Data scientists claim that they spend 80% of their time cleansing data and the other 20% of their time complaining about cleansing data. There is clearly something wrong with this picture, but sadly, my own experience can confirm that this seems to be true in practice. In this blog, my goal is to explore why the need to perform data cleansing is such a common challenge. More importantly, I discuss better options that we should strive to adopt. For this exploration. I apply a lean technique called “The 5 Whys” where you continue to ask why until you reach the root cause of a problem.
Why So Much Data Cleansing?
Most organizations suffer from high levels of data technical debt, or in other words, poor quality data. Poor data quality is a serious problem for several reasons:
- Data-driven decision making is hampered because the data cannot be trusted
- Software development initiatives, in general, are slowed due to working with lower quality assets
- Machine learning (ML)/artificial intelligence (AI) require high-quality data to train models, suffering from “garbage in, garbage out” otherwise
- Data warehousing(DW)/business intelligence(BI) solutions invest (or more accurately waste) significant effort in transformation logic
In all of the above use cases, there is a need to get the data to the point where it is usable.

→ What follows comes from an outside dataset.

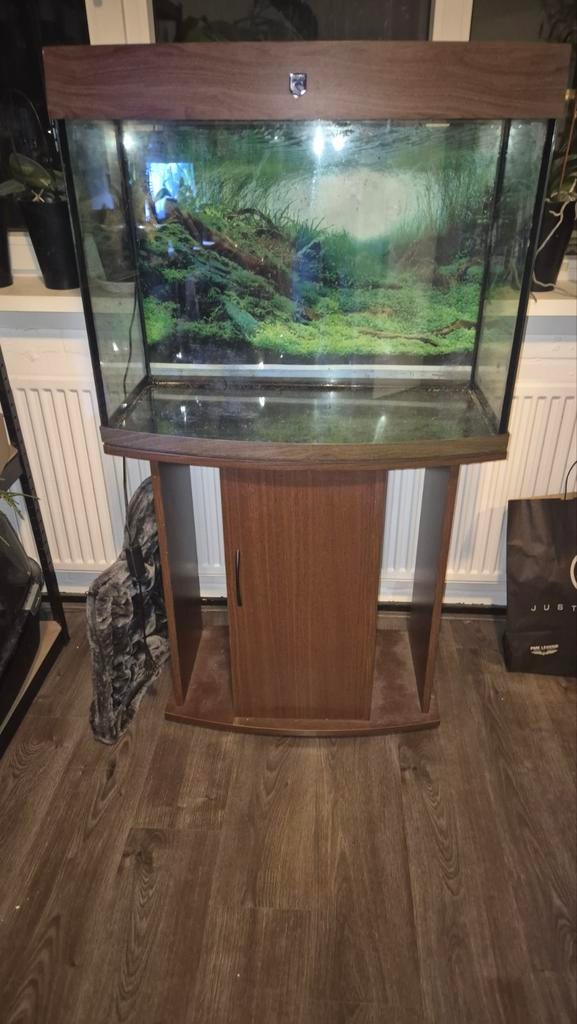Aquarium panorama, Dieren en Toebehoren, Vissen | Aquaria en Toebehoren, Ophalen, Gebruikt, Leeg aquarium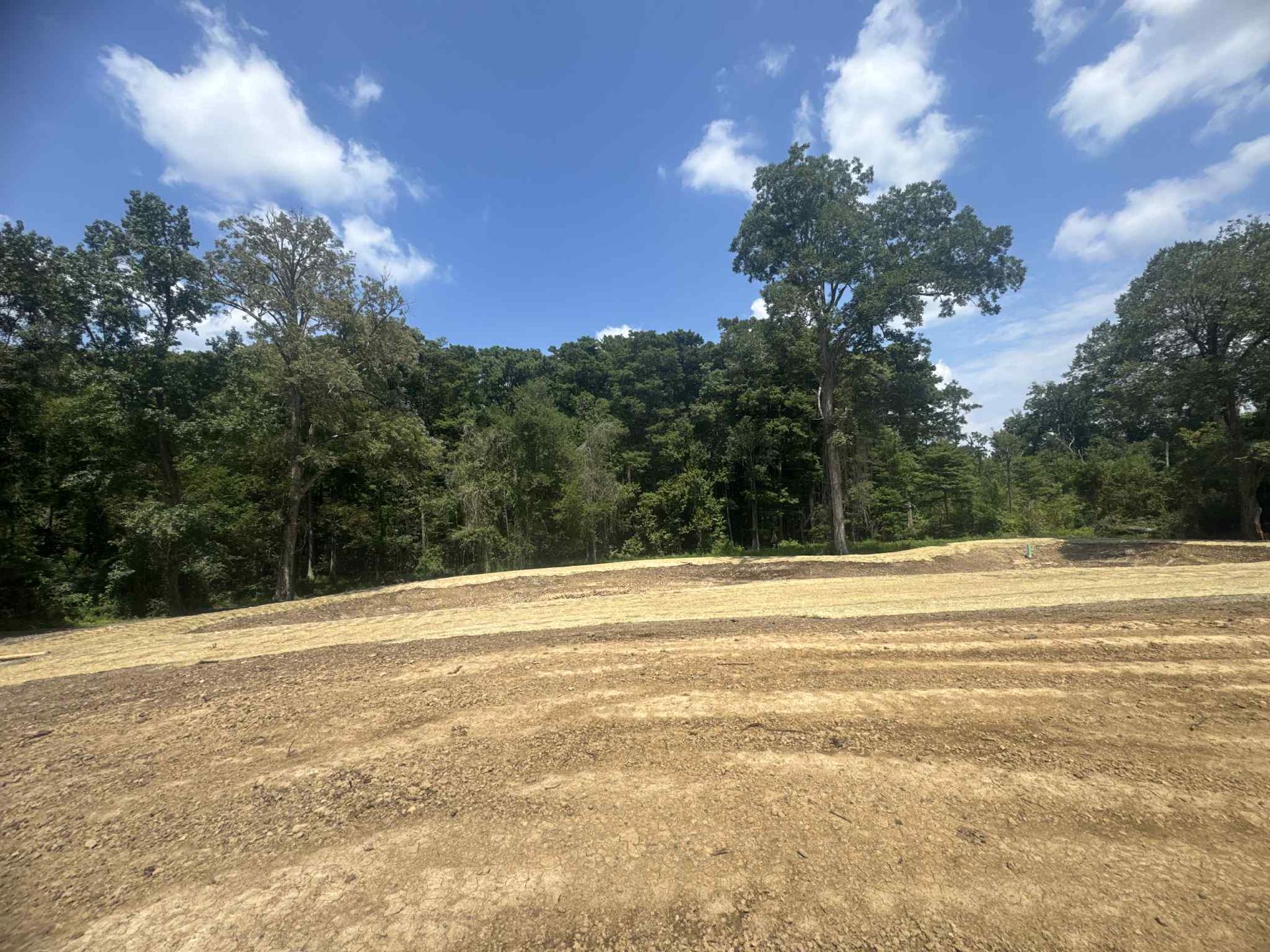 Freshly graded dirt field beside a tree line under a bright blue sky with scattered clouds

As a result, we cleanse the data required that is required, believing that this is an effective strategy.
Why is Data Cleansing Thought to be Effective?
When your organization suffers from excessive data technical debt, every use case that requires clean data must perform data cleansing at the point of usage (assuming that your organization isn’t following the better strategies described later). On the surface, this seems to make sense for two reasons:
- The individual teams have control over how they work with the incoming data. The owners of the data provide a way to access the data, but they typically don’t provide ways to manipulate the source data (except perhaps through some sort of encapsulation layer, often implemented as services). In short, people are allowed to do anything they want with their copy of the data, but have limited ability to fix the source. So, cleansing the data at point of usage is the only option available to them.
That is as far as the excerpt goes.